MPC dissenters voted for interest rate rise

21-02-2007

MPC dissenters voted for interest rate rise
Two members of the monetary policy committee (MPC) voted against the decision to freeze the interest rate and would have pushed for an increase, the latest minutes reveal.

Tim Besley and Andrew Sentance indicated they would have preferred an increase of 0.25 percentage points, taking the rate up to 5.5 per cent, after a 7-2 decision to keep the base rate at 5.25 per cent.

For the majority of the MPC the key factor in keeping the rate on hold was the projections published in the inflation report released to the governor of the Bank of England, Mervyn King, on February 14th.

While the UK's GDP continued to develop and data indicated steady growth in household spending and corporate investment, consumer price index inflation fell to 2.7 per cent, shrinking back from the three per cent threshold reached in January.

In addition, announcements from major utilities firms on the morning of the MPC interest rate meeting of cuts in electricity and gas retail prices also had a bearing on the decision to keep rates on hold.

However, the minutes reveal a degree of conflict in the economic indicators for both inflation and the broader impact of the interest rate trajectory.

Signs of an impact on the housing market emerged, while wages and prices steadily rose against a backdrop of debate over the "degree of spare capacity in the economy".

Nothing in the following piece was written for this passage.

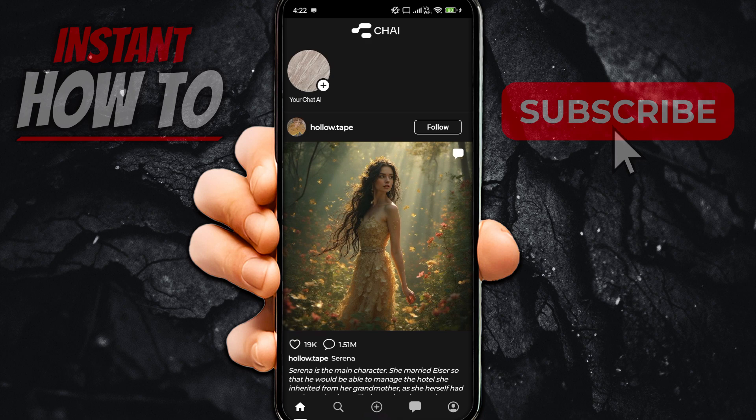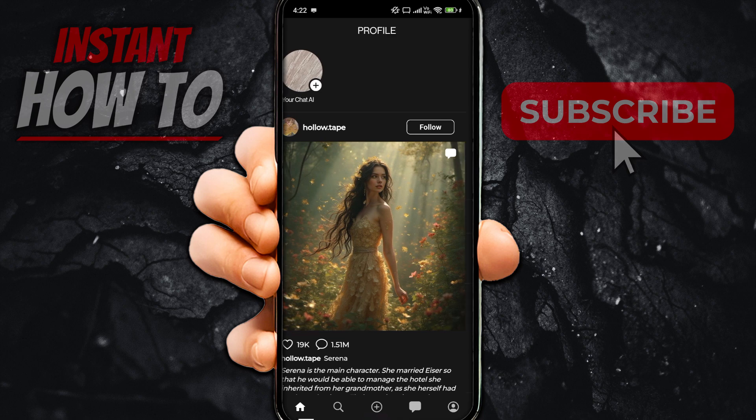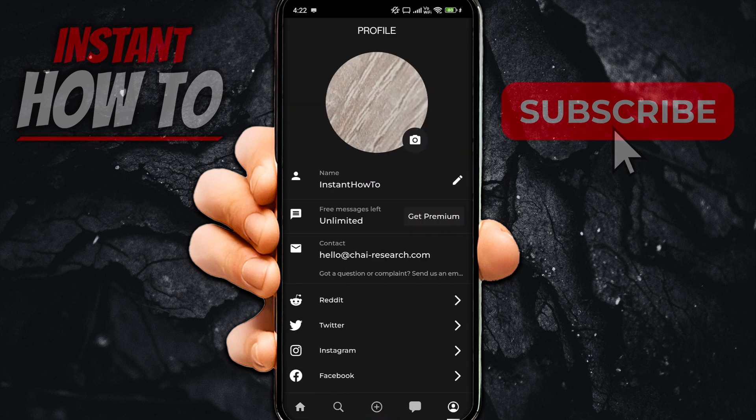Once you have that opened up and once you're signed into your account, if you want to basically remove and stop ads forever, there's only one thing you can do. Go to the very bottom right where there's your profile icon — it says under free messages left unlimited, it says get premium.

As such the MPC revealed "there was a greater than usual uncertainty over the outlook for inflation", with some members believing successive rate rises in close proximity would constrict the economy and others pointing to robust demand which would ride out any hikes.

Further uncertainty in the near term over the path of retail gas and electricity prices meant there were a "range of views among the committee on both the central projection and the balance of risks".

Next month's decision will now be closely scrutinised, with the dissenting opinion of two of the MPC likely to fuel expectations of a rate rise in the near future.

The key will be whether inflation stabilises or if price increases and steady demand pushes the rate above a level the MPC deems to be acceptable.